Mortality rates typically move smoothly over age and time. Exceptions occur, due to events such as wars and epidemics, which create, among other features, ridges in the mortality surface in a particular calendar year or for cohorts born in a particular year.
We aim to develop and evaluate new methods that better model the smooth underlying age-period mortality surface and any cohort or period ridges.
We propose two new practical methods for modelling the age-period surface of the logarithms of mortality rates. The first uses an approach similar to bivariate thin plate splines although with $L_1$ regularization. The second, which is our recommended method, also uses bivariate $L_1$ regularization but allows for smooth age-varying period and cohort effects.
Cross validation is used to compare these new methods with existing approaches. Evaluations on a multi-country dataset using four different age and period ranges as well as the simulation results indicate that the recommended method consistently gives a better estimate of the ``true” age-period mortality surface.
Explicit modelling of cohort and period ridges in the mortality surface, using of $L_1$ norm for regularization and measuring errors as well as using two dimensions for smoothing, all improves accuracy and provides greater insight into the underlying mortality dynamics.

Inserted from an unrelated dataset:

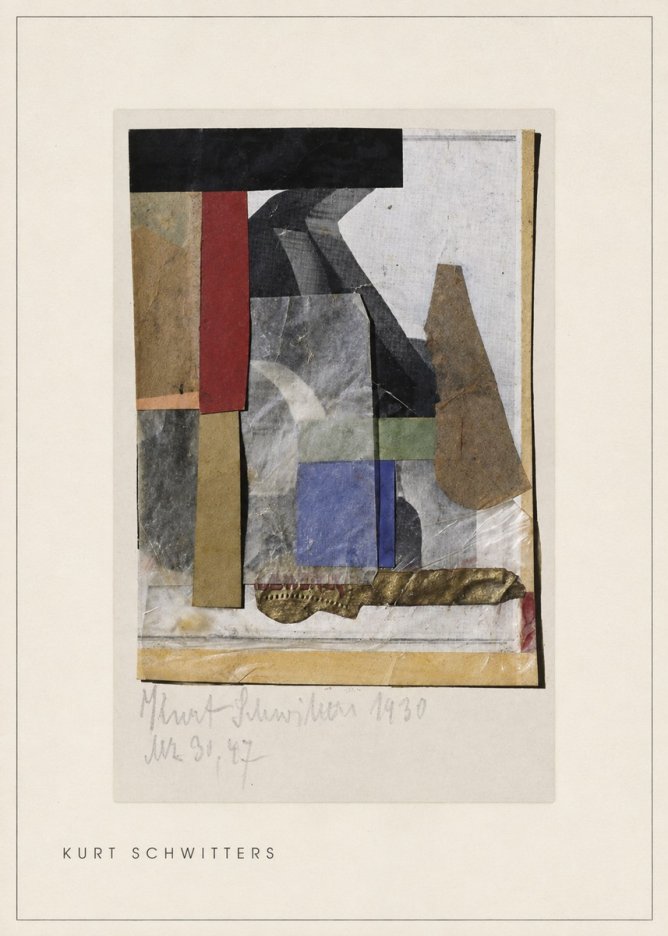 Kurt Schwitters Merz Schwitters 1930 Nr 30, 47 No4 - Plakat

The new methods provide more accurate and nuanced models of the age-period mortality surface, informing mortality modelling, analysis and forecasting. Although designed for the modelling of mortality rates they can be applied to any bivariate data with occasional ridges and extend the statistical literature on quantile smoothing.
Keywords: Bivariate data, nonparametric smoothing, mortality rates, graduation, cohort effects, period effects.